New prisons will be built far from population centers

The regulatory framework to build new penitentiary centers away from population concentrations was approved yesterday by the Salvadoran Congress with the support of 64 deputies from the Nuevas Ideas, GANA, PDC, and PCN caucuses.

The divided FMLN faction voted against and abstained, while ARENA, VAMOS, and Nuestro Tiempo voted against, as they have done with other initiatives related to the fight against criminal groups, including the emergency regime.

Christian Guevara, head of the cyan faction, introduced the initiative containing the bill, for which approval was also requested with a waiver of processing.

“More jails for gang members, so they don’t see the sunlight again” — Guevara wrote on Twitter. He explained that the regulations establish this special regulatory framework for the planning, design, construction, and maintenance of penitentiary centers that are built in the country.

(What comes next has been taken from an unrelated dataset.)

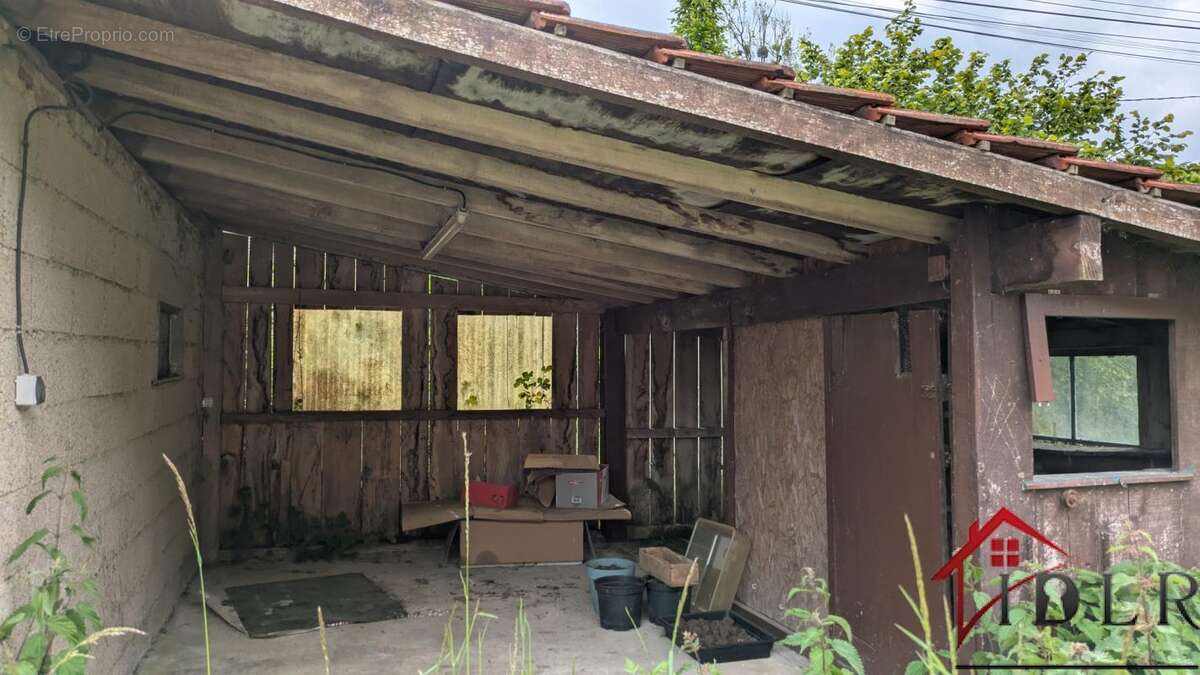 maison à rénover avec 13 000m2 terrain - photo 27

He added that the new prisons are necessary due to the “increase in the population deprived of liberty operated by the exceptional regime”, imposed after the wave of murders at the end of last month. The government has reported that, since the state of emergency came into force on March 27, more than 13,000 gang members have been arrested in the country.

The president of the republic, Nayib Bukele, recently ordered the Penitentiary Center authorities to build penitentiary centers to detain gang members detained by the public and military forces.

The cyan Congressman Raúl Castillo assured that with this legislation, the errors committed by past administrations, which endorsed the construction of prisons in the middle of the cities, will be corrected.

“The little intelligence that the former presidents of El Salvador had allowed prisons to be built in the middle of cities, but that will change” — Castillo said on Twitter.

“We are going to pass a law so that penal centers are built in the most remote and remote areas of the population. President Nayib Bukele is going to guarantee that there are no more prisons in the middle of the municipalities” — added the cyan legislator.

The new legislation establishes that the Ministry of Public Works and Transportation (MOP) will be in charge of the planning, design, and construction of penitentiary centers, in coordination with the General Directorate of Penitentiary Centers.

The regulation, which consists of 33 articles, provides for tax exemption for those involved in the work’s execution.In addition, it develops a transitory regime for the acquisition of real estate with which “the MOP is empowered to declare the goods, works, and buildings that will comprise the construction area of ​​the penitentiary centers of public utility.”